- Royal coat of arms of the United Kingdom

High Court Judge
- In office 1978–1995
- Monarch: Elizabeth II

Personal details
- Born: 15 February 1923
- Died: 6 April 2014 (Aged 91) Harpenden, United Kingdom
- Children: 5
- Education: St George's School, Harpenden
- Alma mater: Exeter College, Oxford
- Occupation: Judge
- Profession: Barrister

= Maurice Drake =

British judge (1923–2014)

Sir Frederick Maurice Drake, DFC (15 February 1923 – 6 April 2014) was a judge of the High Court of England and Wales who presided over several high-profile defamation cases in the 1990s including: Taylforth v News Group (1994) and Donovan v The Face (1993).

==Early life==
Drake was the son of a wool merchant and was educated at St George's School, Harpenden, Hertfordshire, before service in the Royal Air Force (RAF) during the Second World War as a navigator, initially with 96 Squadron but soon after with 255 Squadron.
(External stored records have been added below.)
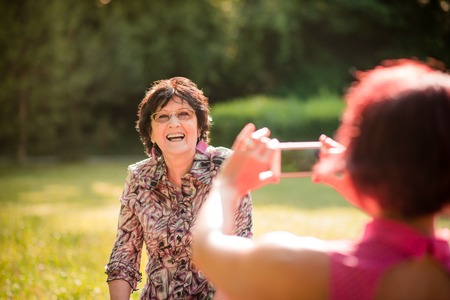 Woman is photographing her senior mother with mobile phone outdoor in nature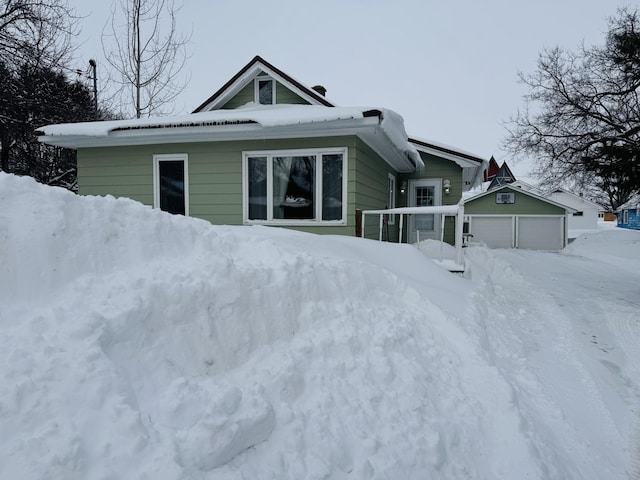 snow covered rear of property with a garage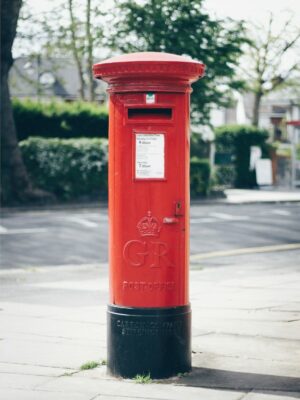 red and black GR post office letter container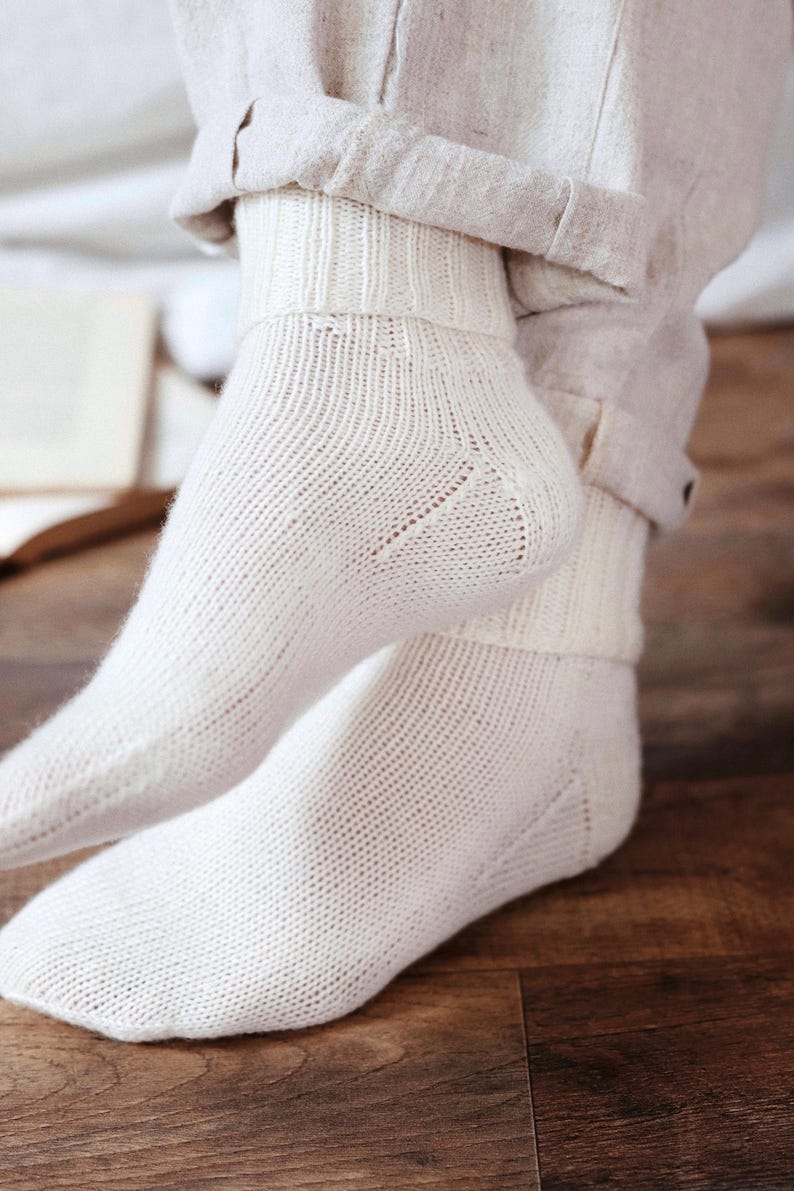 Knitting pattern pages close-up, basic socks knit instructions detail. basic socks knitting pattern. fold over socks knit pattern. easy knit women socks. top down knit socks pattern. cream white knit socks pattern. beginner socks knitting pattern. adult women knit socks pattern. classic knit socks.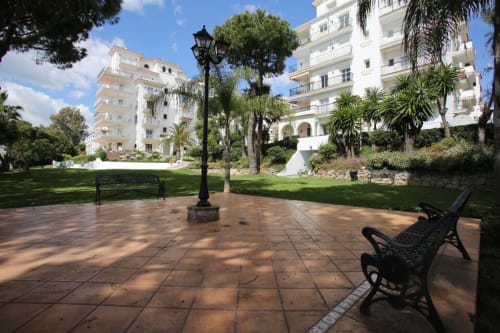 Marbella apartment courtyard with terrace, palm trees, bench, and modern white buildings in Puerto Banús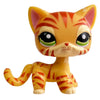 A charming bobble head pet figurine of an orange tabby cat with green eyes and striped fur.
Whilst with 255, Drake flew night patrols in Bristol Beaufighter aircraft over Africa and Italy and was awarded the Distinguished Flying Cross following a number of successes against enemy aircraft.

==Career==
Following the end of the war, Drake completed studies at Exeter College, Oxford in jurisprudence. He was called to the Bar at Lincoln's Inn in 1950, joining 4 Paper Buildings (later Hailsham Chambers), in Inner Temple. Drake later took silk. He was appointed a High Court Judge of the Queen’s Bench Division in 1978 where one of his first cases was the murder of Carl Bridgewater. The conviction was overturned in 1997.

As a High Court judge, Drake presided over several high-profile defamation cases in the 1990s including: Donovan v The Face (1993) and Taylforth v News Group (1994). In Gordon Angelsea v Observer, he admitted he had been a Freemason since the 1940s. In 1993, he granted an injunction to Princess Diana to prevent the publication of photographs taken without her consent whilst she was exercising.

In 1991, Drake succeeded Sir Michael Davies as the judge in charge of the jury list. Following retirement in 1995, he continued to hear occasional cases. In 1996, he agreed to stand aside from a trial because he was a Freemason. He served as Treasurer of Lincoln's Inn in 1997. He also served as the mayor of St Albans.